With changed blocks cataloged to a backup server, it’s feasible to restore them to a second powered-off VM at the same time. What results is a kind of data stream between the two servers. The process starts when a disk block changes on the production server. Then, the file system filter driver captures the change and sends it to the backup server. Finally, the backup server transfers the change to the redundant server.
These two servers are therefore loosely synchronized, which means that VM recovery after a failure requires little more than powering on the VM’s other half. That other half could be a physical server somewhere, or it could be another VM. Synchronization occurs in both directions, so returning to the primary server simply requires reversing the flow of data, powering down the secondary server and powering on the primary.

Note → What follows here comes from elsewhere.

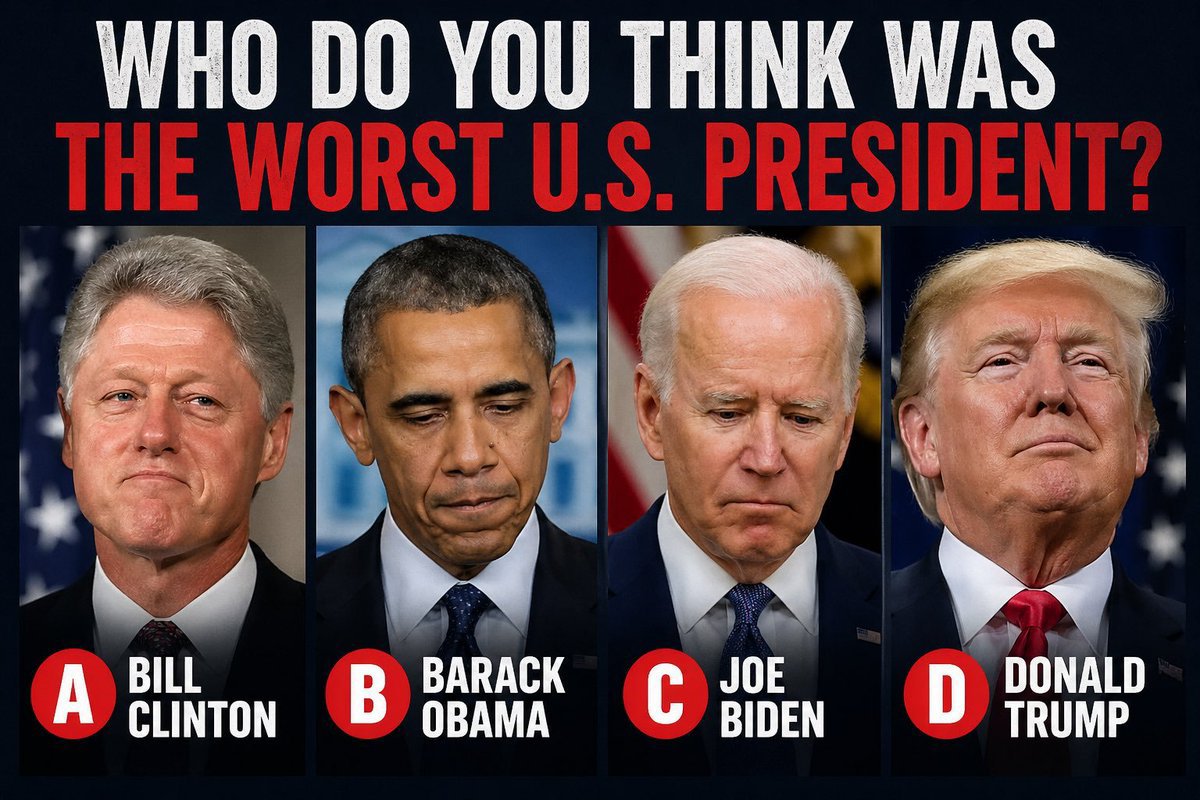 0laratrumpRv2's tweet photo. Who do you think was the Worst U.S President ?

This failover approach is a great starting point for getting servers operational quickly, but it does require an extra copy of data waiting around for a failure. If the server you’re protecting is a terabyte in size, the cost of keeping two copies can be excessive.
Data prioritization for VM recovery
There’s another approach to VM recovery that can get servers back online in minutes, but without costly data duplication. This VM backup method uses data prioritization during the VM recovery and restore process.
Using the same file system filter driver, this VM backup method keeps only a single copy of data within the disks attached to the backup server. Should a production server fail, the first step to VM recovery is booting a replacement with a DVD or other media. On that DVD is enough of an operating system and associated application code to kick off the VM backup. You can then install the core OS and critical applications.
The quantity of data consumed by the OS and applications is relatively small compared to the databases. (Think “tens of gigs” as opposed to “thousands of gigs.”) So restoring the VM doesn’t take that much time -- perhaps only a few minutes. Once the core pieces of that server are operational, the larger portion of the data then begins its restore.
It’s at this point in the VM recovery process that things get interesting. A disk-based backup service that uses a file system filter driver can randomly access any piece of data in its catalog. That data can be prioritized according to what users need. Once the application is restored and ready for use, high-priority data can be restored before others -- as users request it. The complete set of data might not get restored for a long time -- say, the amount of time required to copy that terabyte of data -- but the server and its applications are functioning within minutes. If a user needs a piece of data that isn’t already restored, that piece can be immediately prioritized.
Various vendors offer VM backup and restore services that use both of these approaches. You’ll find that some tools can get terabyte servers back online faster than others. With the combination of disk-based backups and a file system filter driver method, all you need is a bit of extra management code at the backup server to accomplish these VM recovery tasks.
This was first published in February 2011